The UCLA Anderson Forecast is one of the most widely watched and often-cited economic outlooks for California and the United States.
The Forecast says this slow growth reflects the lagged effects of the implosion of consumer balance sheets and is a result of the transition from an import-oriented, low-savings economy to a more export-oriented, higher-savings one.
Fueling the transition is the Obama administration's "weak dollar policy," which encourages exports and discourages the consumption of imports, the Forecast says.
The combined effect will cause real consumer spending to grow at a modest 2 percent rate, far below the historical 3-3.5 percent rate, the Forecast predicts.
UCLA Anderson Forecast senior economist David Shulman noted in a report titled "Lost and Found" that the recession established postwar records for declines in stock prices, home prices and employment and that, over the past decade, the unemployment rate had more than doubled while real wages rose by a modest 6.5 percent.
There were now a half-million fewer people on the non-farm payroll than there were 10 years ago, said Shulman.
With most of the recession's damage done, Shulman predicts slow growth for the U.S. economy.
He forecasts that, after growing at a rate of 2.8 percent in the most recent quarter, real gross domestic product in the United States will settle into a 2 percent growth rate for 2010 before rising to about 3 percent in 2011.

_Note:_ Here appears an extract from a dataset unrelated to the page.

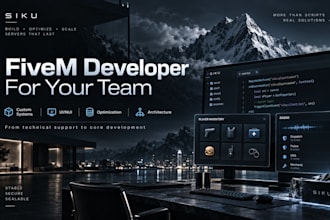 join your fivem server team as a dedicated developer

The unemployment rate will likely peak at 10.5 percent in the first quarter of 2010, then settle at or above 10 percent for the rest of the year, according to Shulman.
"We hypothesize that one reason for the high rate of unemployment is that business firms who hitherto viewed office overhead costs as fixed now view them as variable," said Shulman.
"Where in prior recessions much of the marketing, finance, research and administrative employees were generally immune from layoffs, the new management regimes have made those functions vulnerable to severe cutbacks," he added.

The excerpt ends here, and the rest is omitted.